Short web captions

• • • •

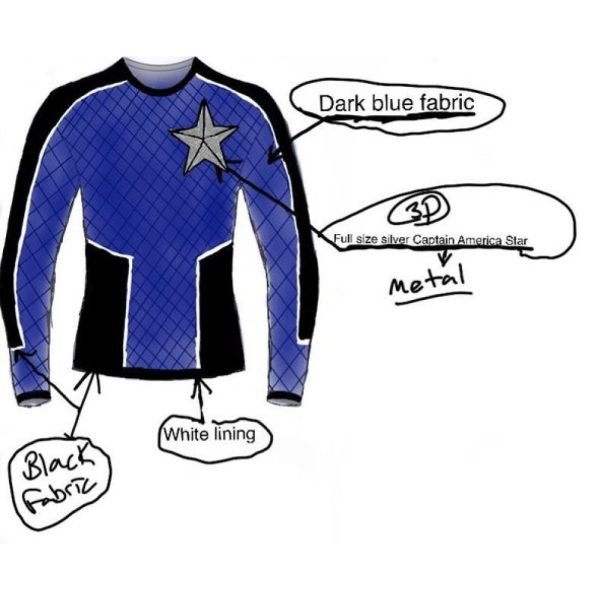 Custom Bucky Top (Texture Stretch Fabric ) + Glove pair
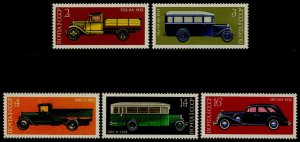 USSR (Russia) 4216-20 MNH Cars, Bus, Truck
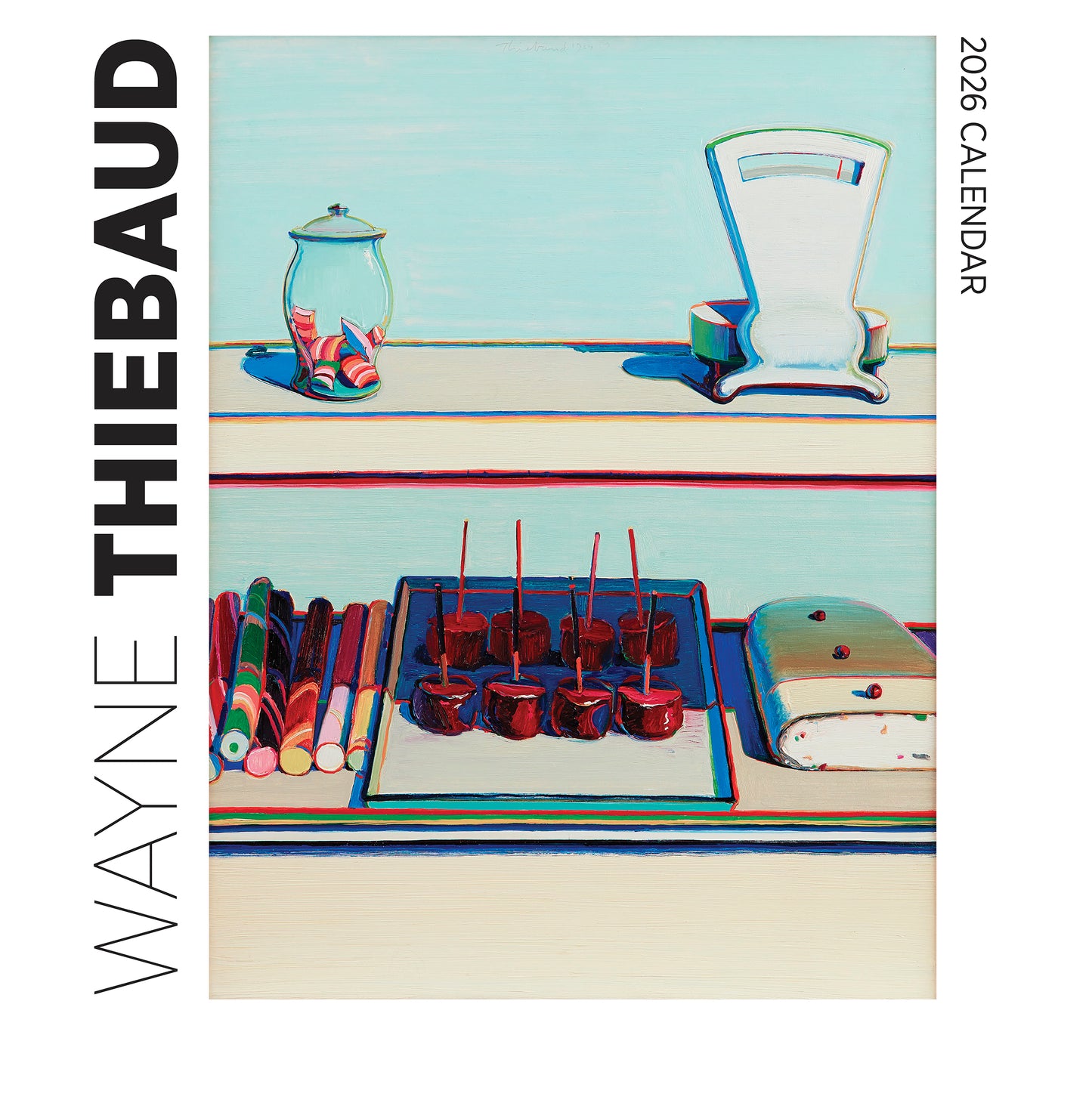 Wayne Thiebaud 2026 Wall Calendar_Front_Flat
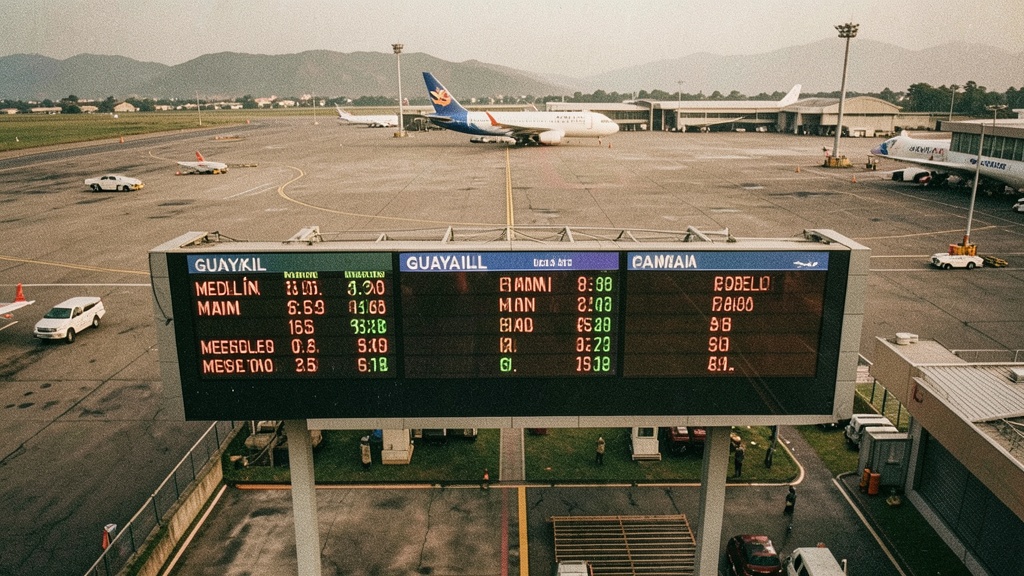 Pasajes aéreos desde Guayaquil: precios para Miami, Medellín y Panamá bajo los $800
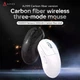Игровая беспроводная мышь Ajazz AJ199 Carbon Fiber BLACK, RGB, Tri-Mode (2.4 GHz / Bluetooth / USB-C), 12 000 DPI, лёгкая - изображение 2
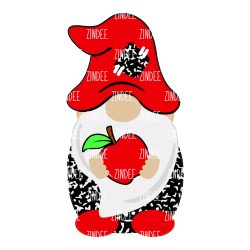Boy Gnome Apple SVG (Fits Boy Gnome Acrylic Blanks)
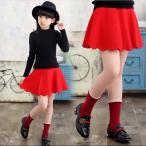 ミニスカート女の子子供服キッズ服赤...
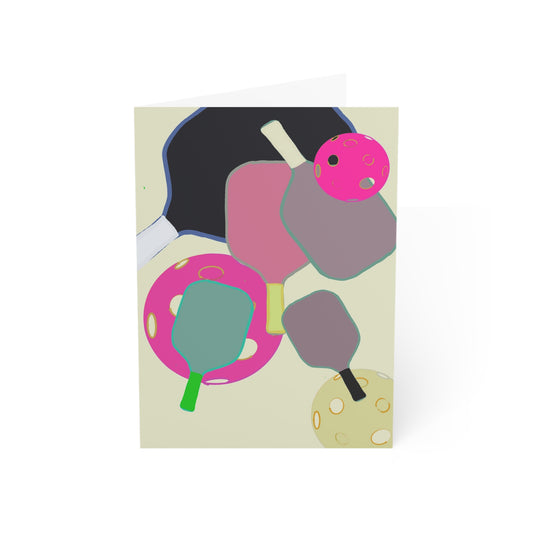 'Paddles Up' – Pickleball Greeting Cards – 1/30/50 Pack – Artist-Made by Stephen Douglas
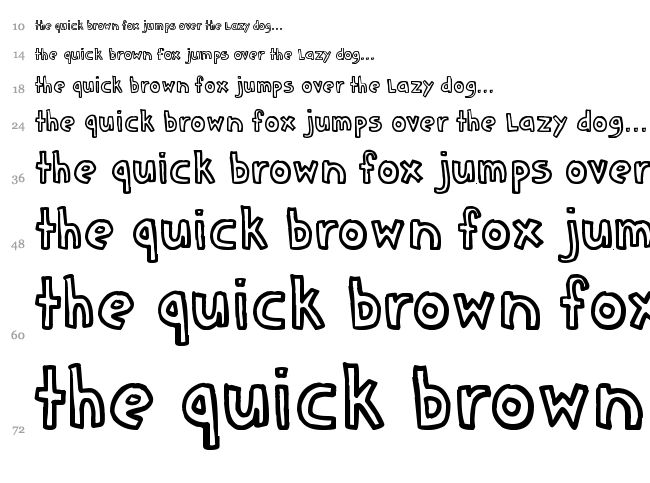 Denne schooLgirL font waterfall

• • • •

EXERCISE DIRECTIONS: An exact reproduction of all the records is required, with no pictures included.

TASK RESPONSE:
 Custom Bucky Top (Texture Stretch Fabric ) + Glove pair
 USSR (Russia) 4216-20 MNH Cars, Bus, Truck
 Wayne Thiebaud 2026 Wall Calendar_Front_Flat
 Pasajes aéreos desde Guayaquil: precios para Miami, Medellín y Panamá bajo los $800
Игровая беспроводная мышь Ajazz AJ199 Carbon Fiber BLACK, RGB, Tri-Mode (2.4 GHz / Bluetooth / USB-C), 12 000 DPI, лёгкая - изображение 2
Boy Gnome Apple SVG (Fits Boy Gnome Acrylic Blanks)
 ミニスカート女の子子供服キッズ服赤...
 'Paddles Up' – Pickleball Greeting Cards – 1/30/50 Pack – Artist-Made by Stephen Douglas
 Denne schooLgirL font waterfall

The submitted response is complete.